Les lois sont-elles forcément justes ?
Extrait du document
«
[Un roi, s'il veut conserver et renforcer son pouvoir, doit se faire aimer de son peuple.
Pour cela, il doit
défendre l'équité des lois.
Si le pouvoir appartient à la volonté générale, celle-ci ne peut aller contre ses
intérêts en votant des lois injustes.]
La soif du pouvoir
est toujours par amour du pouvoir que l'on devient prince, dit Hobbes.
Or, un prince veut toujours plus de pouvoir.
S'il est raisonnable, il doit comprendre que, pour parvenir à cette fin, il doit garantir la justice afin de contenter ses
sujets.
Autrement dit, au sein d'un État fort, où règne la paix et la sécurité, les lois sont forcément justes.
La volonté générale ne peut errer
Rousseau montre, dans Du Contrat social, que la souveraineté est incarnée par la volonté générale.
Il ne s'agit pas
de la volonté du plus grand nombre, mais bien de la volonté du peuple tout entier.
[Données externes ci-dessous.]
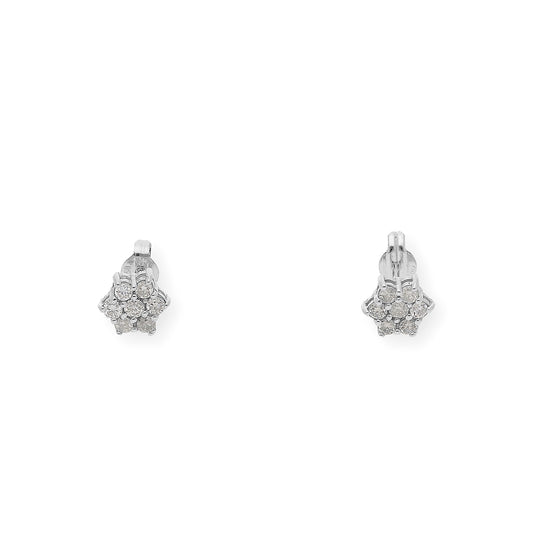 Pendientes de Flor en Oro Blanco de Ley 18K con Diamantes talla brillante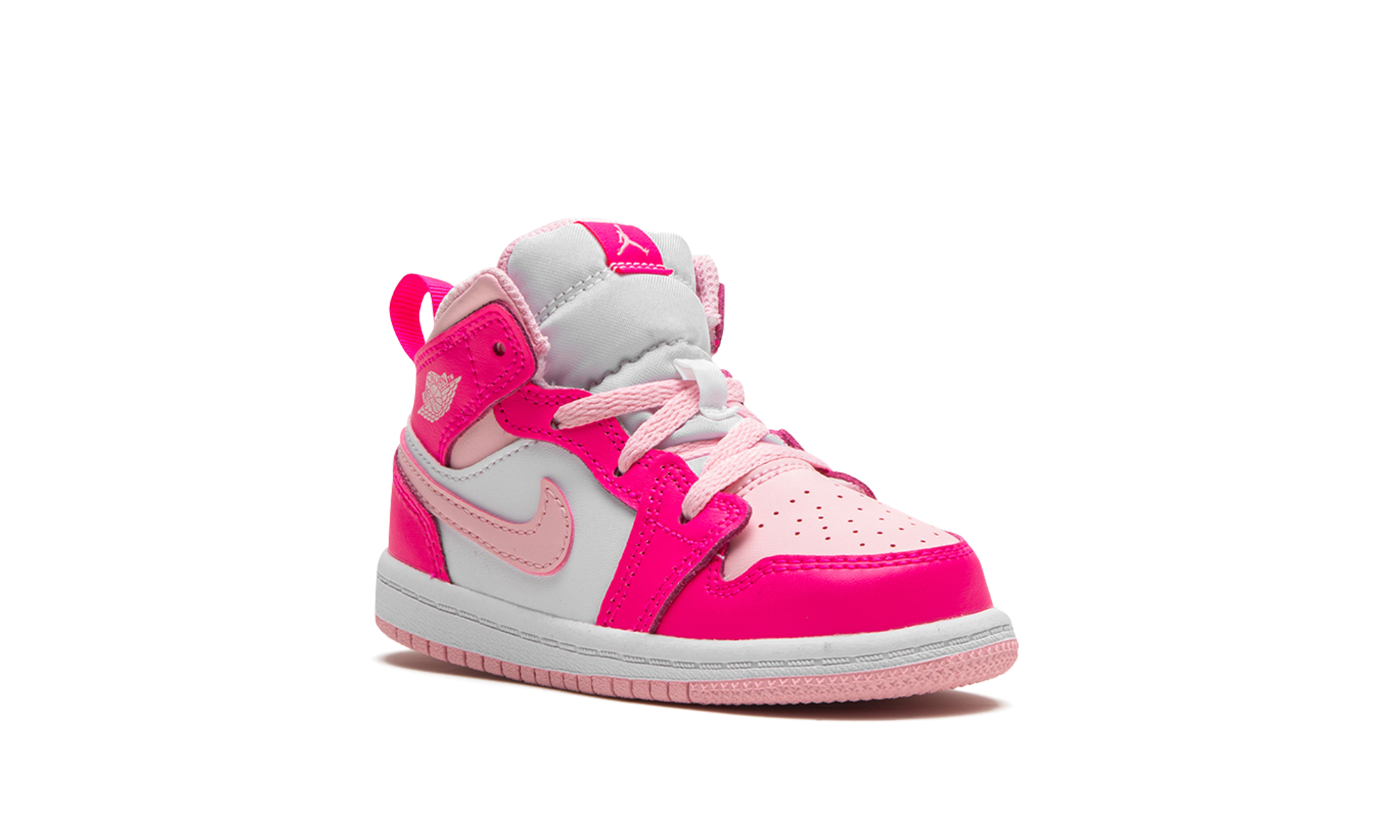 jordan 1 mid white fierce pink td+FD8782-116+diagnol right view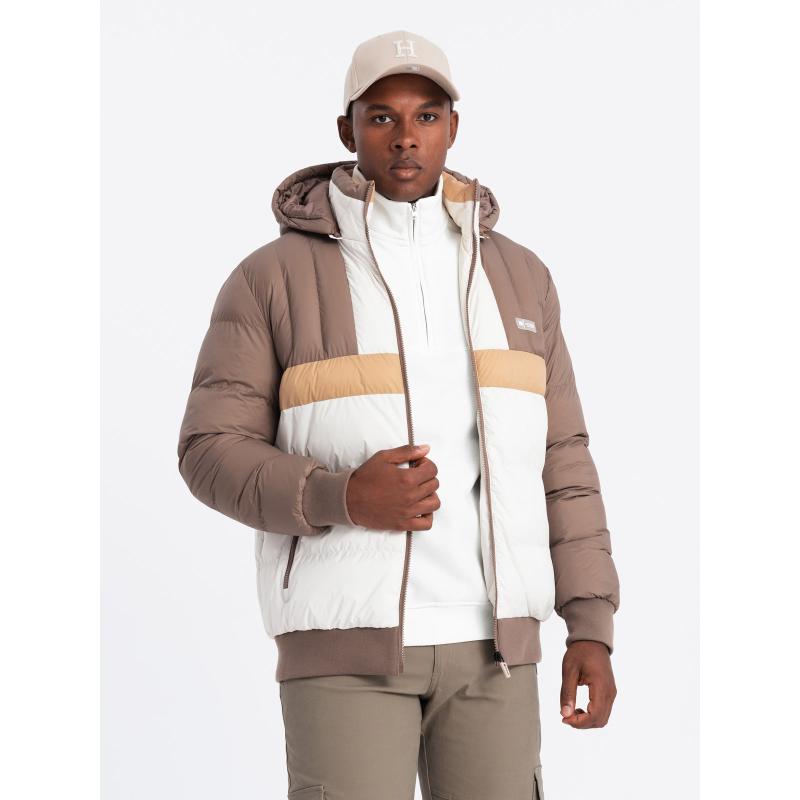 Pánská barevná sportovní retro bunda - béžová a bílá V2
Cette volonté générale ne peut
pas se tromper.
Elle constitue un seul et même corps.
De même qu'une main, un pied, ne peuvent pas vouloir la
perte du corps dont ils font partie, la volonté générale ne peut pas se nuire à elle-même en décrétant des lois
injustes.
"Il s'ensuit de ce qui précède que la volonté générale est toujours
droite et tend toujours à l'utilité publique : mais il ne s'ensuit pas
que les délibérations du peuple aient toujours la même rectitude.
On veut toujours son bien, mais on ne le voit pas toujours : jamais
on ne corrompt le peuple, mais souvent on le trompe, et c'est
alors seulement qu'il paraît vouloir ce qui est mal.
Il y a souvent bien de la différence entre la volonté de tous et la
volonté générale ; celle-ci ne regarde qu'à l'intérêt commun,
l'autre regarde à l'intérêt privé, et n'est qu'une somme de
volontés particulières : mais ôtez de ces mêmes volontés les plus
et les moins qui s'entredétruisent, reste pour somme des
différences la volonté générale.
Si, quand le peuple suffisamment informé délibère, les Citoyens
n'avaient aucune communication entre eux, du grand nombre de
petites différences résulterait toujours la volonté générale, et la
délibération serait toujours bonne.
Mais quand il se fait des
brigues, des associations partielles aux dépends de la grande, la
volonté de chacune de ces associations devient générale par
rapport à ses membres, et particulière par rapport à l'État ; on
peut dire alors qu'il n'y a plus autant de votants que d'hommes,
mais seulement autant que d'associations.
Les différences
deviennent moins nombreuses et donnent un résultat moins
général.
Enfin quand une de ces associations est si grande qu'elle l'emporte sur toutes les autres,
vous n'avez plus pour résultat une somme de petites différences, mais une différence unique ; alors il
n'y a plus de volonté générale, et l'avis qui l'emporte n'est qu'un avis particulier.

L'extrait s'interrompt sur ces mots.